Andrew – dubbed “The Big One” in a famous Miami Herald headline – saw strict, new building codes, a new professional approach to disaster preparedness, a seriousness about hurricanes (hurricane parties were much more common pre-Andrew) and better media coverage.
What lessons will we learn from Hurricane Irma?
For one, an appreciation for the police, firefighters, nurses, doctors, volunteers and municipal employees who put their own homes second so they can put ours first. Working back-breaking shifts, some of these folks are literally putting their lives on the line at times and are rightly honored. The people who keep the water and sewage plants online during the storm don’t get much credit, but life without their work doesn’t bear thinking about.
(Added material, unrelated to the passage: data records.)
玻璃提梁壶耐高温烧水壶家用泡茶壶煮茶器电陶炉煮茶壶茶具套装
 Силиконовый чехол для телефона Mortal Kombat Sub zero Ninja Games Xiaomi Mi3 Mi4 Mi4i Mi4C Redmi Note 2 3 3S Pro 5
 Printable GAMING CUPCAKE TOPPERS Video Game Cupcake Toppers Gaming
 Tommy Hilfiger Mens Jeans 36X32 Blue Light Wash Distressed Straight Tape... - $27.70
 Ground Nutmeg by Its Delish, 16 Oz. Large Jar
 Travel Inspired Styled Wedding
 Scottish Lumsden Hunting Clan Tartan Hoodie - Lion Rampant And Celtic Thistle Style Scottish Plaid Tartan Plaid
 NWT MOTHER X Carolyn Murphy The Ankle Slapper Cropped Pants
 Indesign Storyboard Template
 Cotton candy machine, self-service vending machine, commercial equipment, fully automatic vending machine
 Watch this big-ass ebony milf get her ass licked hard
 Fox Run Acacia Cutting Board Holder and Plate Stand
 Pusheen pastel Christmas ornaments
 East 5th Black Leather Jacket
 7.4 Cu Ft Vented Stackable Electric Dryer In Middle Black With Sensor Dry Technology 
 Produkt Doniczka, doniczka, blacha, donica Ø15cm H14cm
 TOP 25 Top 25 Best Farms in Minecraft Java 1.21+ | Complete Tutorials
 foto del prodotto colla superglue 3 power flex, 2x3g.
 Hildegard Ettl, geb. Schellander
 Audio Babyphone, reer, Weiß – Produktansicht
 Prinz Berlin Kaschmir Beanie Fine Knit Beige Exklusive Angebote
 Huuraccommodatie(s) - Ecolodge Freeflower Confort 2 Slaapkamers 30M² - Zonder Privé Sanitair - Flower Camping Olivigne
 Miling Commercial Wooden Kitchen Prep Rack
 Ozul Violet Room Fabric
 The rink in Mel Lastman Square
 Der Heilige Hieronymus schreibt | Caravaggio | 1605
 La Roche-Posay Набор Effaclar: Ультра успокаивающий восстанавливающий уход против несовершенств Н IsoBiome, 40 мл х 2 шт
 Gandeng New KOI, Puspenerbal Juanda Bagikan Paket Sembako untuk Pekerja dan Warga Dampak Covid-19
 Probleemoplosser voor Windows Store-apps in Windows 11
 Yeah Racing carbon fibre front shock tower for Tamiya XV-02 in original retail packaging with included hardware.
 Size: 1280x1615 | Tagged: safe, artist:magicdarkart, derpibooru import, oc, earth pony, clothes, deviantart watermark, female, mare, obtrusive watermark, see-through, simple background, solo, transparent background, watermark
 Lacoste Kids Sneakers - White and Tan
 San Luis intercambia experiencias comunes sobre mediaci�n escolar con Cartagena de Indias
And how about a pat on the back for the local media? Thank God for the reasoned and calm coverage of Bay News 9 and News Channel 8. Professional meteorologists like Mike Clay, Bay News 9, and Steve Jerve, Channel 8, emphasized the seriousness of the storm without reaching for hurricane hyperbole. Filled with important local news we all needed to know – when and where was Irma, how long before she reaches our backyard, how strong will the storm be when she arrives – several local newscasts dumped their ad breaks for wall-to-wall coverage. Local print and national media did a fine job keeping track of the story online.
National broadcasters all too often seemed to be a race to outdo each other in apocalyptic predictions. And what ever happened to The Weather Channel? Once the source of some of the most informed weather coverage anywhere – and they still have some great people like Brian Nor
cross who made his name during Hurricane Andrew and a brilliant broadcaster – it now seems dominated by hurricane shock jocks who believe the height of journalism is trying to stand in 90 mph winds and oversell every gust of wind, squall line and flood in Biblical language. It’s as if someone turned the microphones over to the infomercial crew that tries to sell miracle mops in 30-minute commercials at 2 a.m. on a Sunday morning on Channel 426. It’s no surprise many people no longer take hurricane warnings seriously in the midst of this hype. Seriously guys, switch to decaf.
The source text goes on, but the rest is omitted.